Now that more and more of my life is lived in Zoom computer meetings, I’m starting to notice a few details.

For example, I am seeing that the other people in these meetings all seem to live with Martha Stewart, whereas I am clearly calling from the bottom of a well. A dark, messy, cluttered well.

And this is not just about my family and friends. With so many newspeople reporting from their own homes, it seems that if they’re not standing in a whistle-clean kitchen, then they’re sitting in a cozy, book-lined den. I can even tell you the color of their bookshelves, because with rare exceptions, everyone paints their bookshelves white.

My favorite is the bookshelf behind Rafael Pi Roman, a host and senior editor on WNET/Channel 13. He has so many books jammed onto every shelf, with even more wedged in at the top horizontally, that I can’t believe it hasn’t come down already. I tune in just to see if he will survive that bookcase for another day.

I have a bookcase, too, a lot neater than his — but no one seems to see it. All anybody sees are the few little odds and ends that are piled in front of it.

“Judy!” said my brother. “Is that your treadmill piled high with boxes and clothing? How long has it been since you used it?”

“Um, just a few weeks,” I said, and quickly change the subject.

“Yo, Judy,” sais a friend, some days later. “I thought you were getting rid of that old armchair? And what’s that sitting on top of it? A printer?”

“No, it’s a typewriter.”

“A typewriter? What do you need one of those for? I thought they’d all been melted down!”

“I need it to type up mailing labels, if you must know.”

“Why do that? You have a computer printer, don’t you?”

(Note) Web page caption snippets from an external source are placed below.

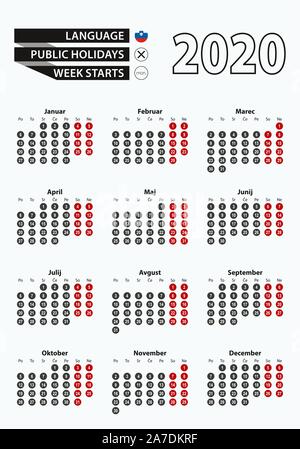 Template vettoriale calendario 2020 con numero a cerchi, semplice calendario sloveno per l'anno 2020. Illustrazione Vettoriale. Illustrazione Vettoriale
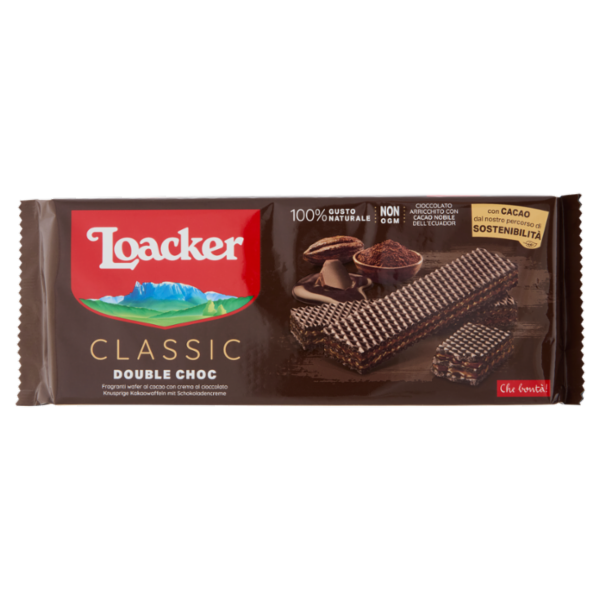 Loacker Classic Double Choc Wafer al Cacao dell'Ecuador con crema al Cioccolato Wafers 175g
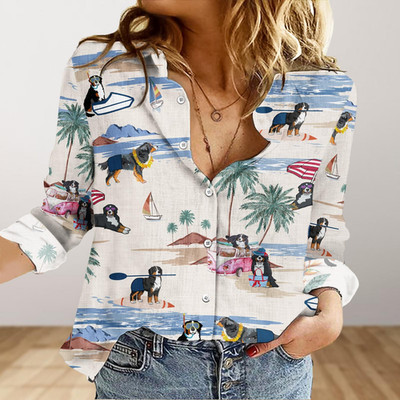 Basset Hound Dog Shirt Dog Mom Blouses Shirt Women Blouse Tropica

The truth is I’ve never yet figured out how to get a mailing label safely un-mangled through my printer, but she doesn’t need to know that. Instead, I said, “I’m saving it for when I type up a fake suicide note to leave next to your body.”

I was in a discussion group about the Golden Rule when my mind began to wander.

“What would it mean to do unto others as you would have others do unto you?” the leader was asking.

“Um, don’t judge me by the clutter in my Zoom background?” I volunteered.

The discussion moved on, but I stayed transfixed — by the seven years’ worth of tax records stacked on the couch.

And the seven years’ worth of toilet paper stacked on the floor beside it.

By the computer keyboard that quit working suspiciously soon after I sprayed it with Lysol, and which had to be replaced at full cost but which might dry out and start working again, someday.

And the recyclable shopping bag full of other bags that are all waiting for the day when we can leave the house because “Someday, Scarlett, I promise you, I will Shop Again!”

And what’s that big cardboard box with the big distracting label on the side? I decide to turn it so at least the label isn’t showing.

Oops! The whole thing fell over onto a stack of books, which fell onto the stack of toilet paper, which fell and rolled around and ….

It’s time I gave up. Maybe I should just drape a sheet over the whole mess and tell everyone I’m at the summer home, with the butler taking some time off. (Unless people are going to worry that the butler’s body is under the sheet?)

“Mom, why don’t you just use one of the zillion backgrounds Zoom has for precisely this situation?”

“You can do that? Quick! Find me some New-York-anchorperson bookshelves!”

Let people wonder how I got into the room with Rafael Pi Roman.